▸ **EXERCISE**
Repeat the listing that follows, character for character, minus the pictures.
━━ THE DATA ━━
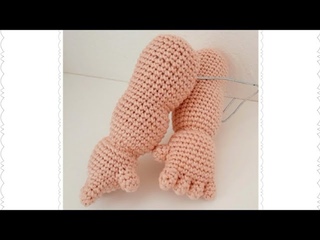 Bebê de amigurumi, mãozinhas com dedinhos Boneca Duda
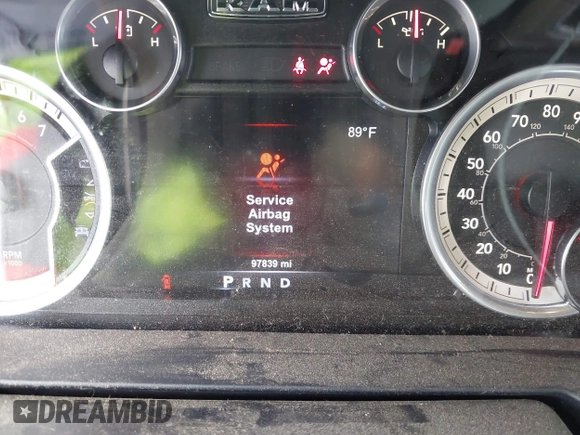 2015 Ram 1500 Big Horn z VIN 1C6RR6LTXFS784956, wystawiony jako IAAI lot #42265974 z przebiegiem 97 839 mil mil oraz . Historia ofert i sprzedaży dostępna na DreamBid. Obrazek 7.
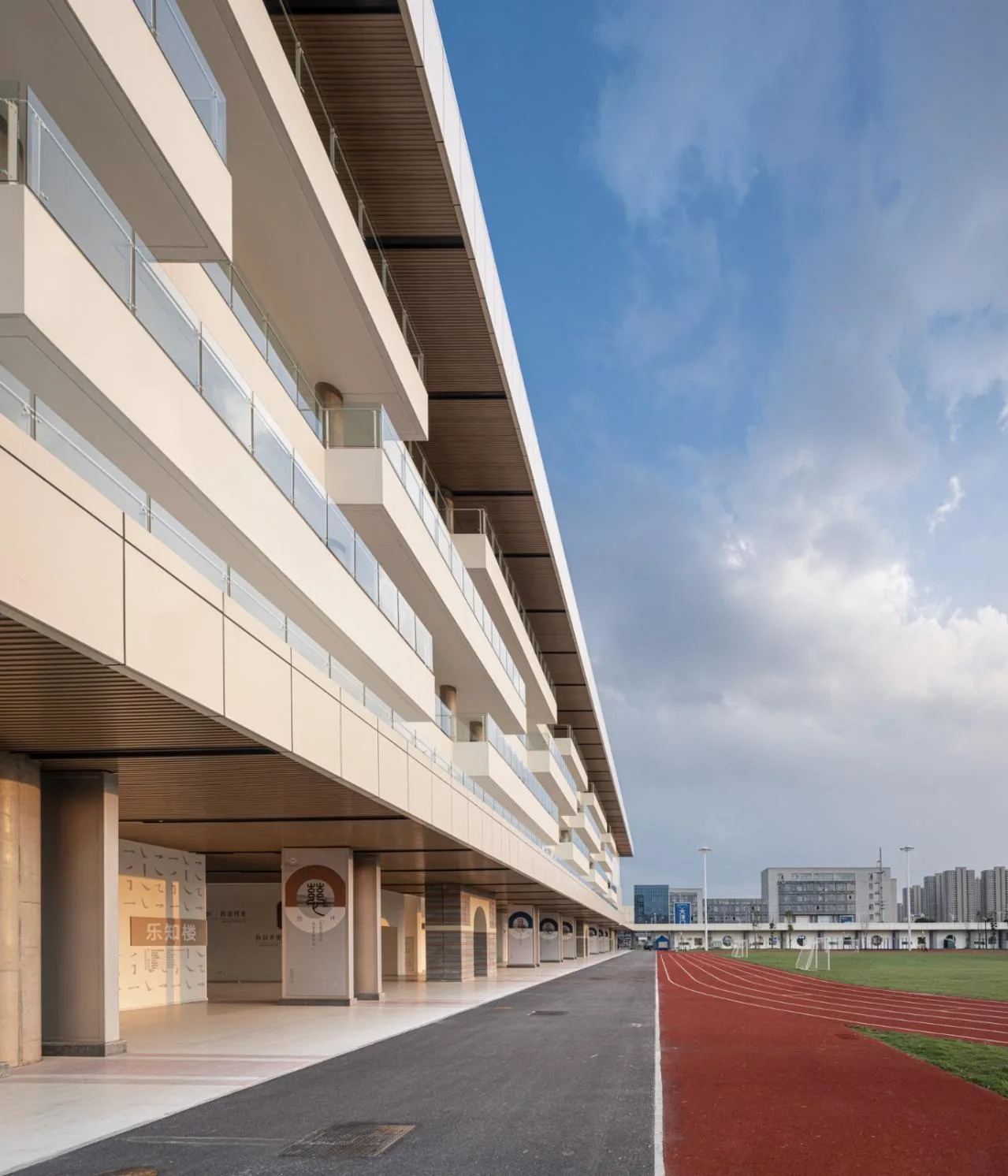 BIM Architecture | Suzhou University Gaoyou Experimental School/Jiucheng Urban Architecture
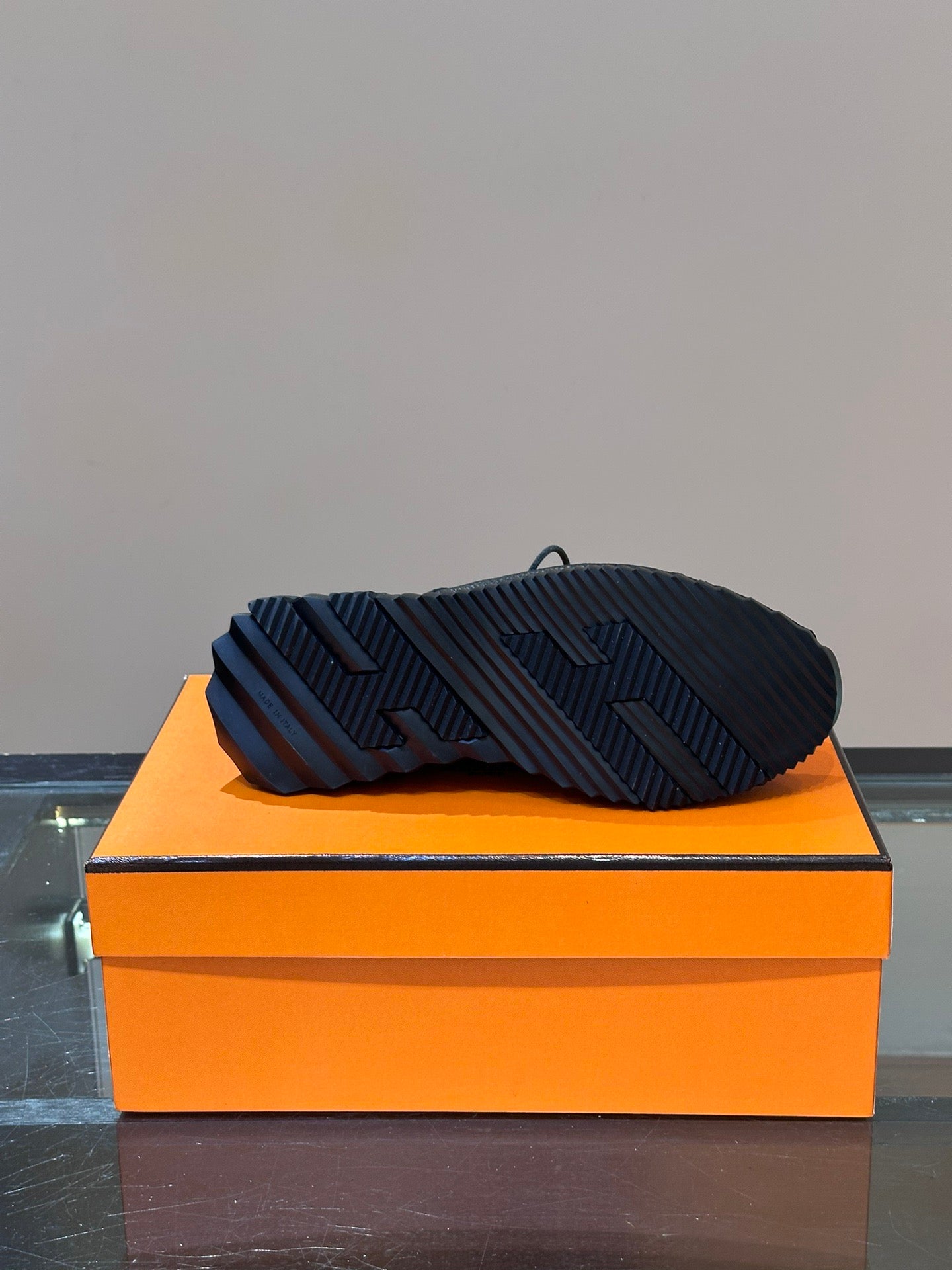 HERMES Bouncing sneaker shoes (VARIOS)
━━━
▸ **TASK RESULT**
 Bebê de amigurumi, mãozinhas com dedinhos Boneca Duda
 2015 Ram 1500 Big Horn z VIN 1C6RR6LTXFS784956, wystawiony jako IAAI lot #42265974 z przebiegiem 97 839 mil mil oraz . Historia ofert i sprzedaży dostępna na DreamBid. Obrazek 7.
 BIM Architecture | Suzhou University Gaoyou Experimental School/Jiucheng Urban Architecture
 HERMES Bouncing sneaker shoes (VARIOS)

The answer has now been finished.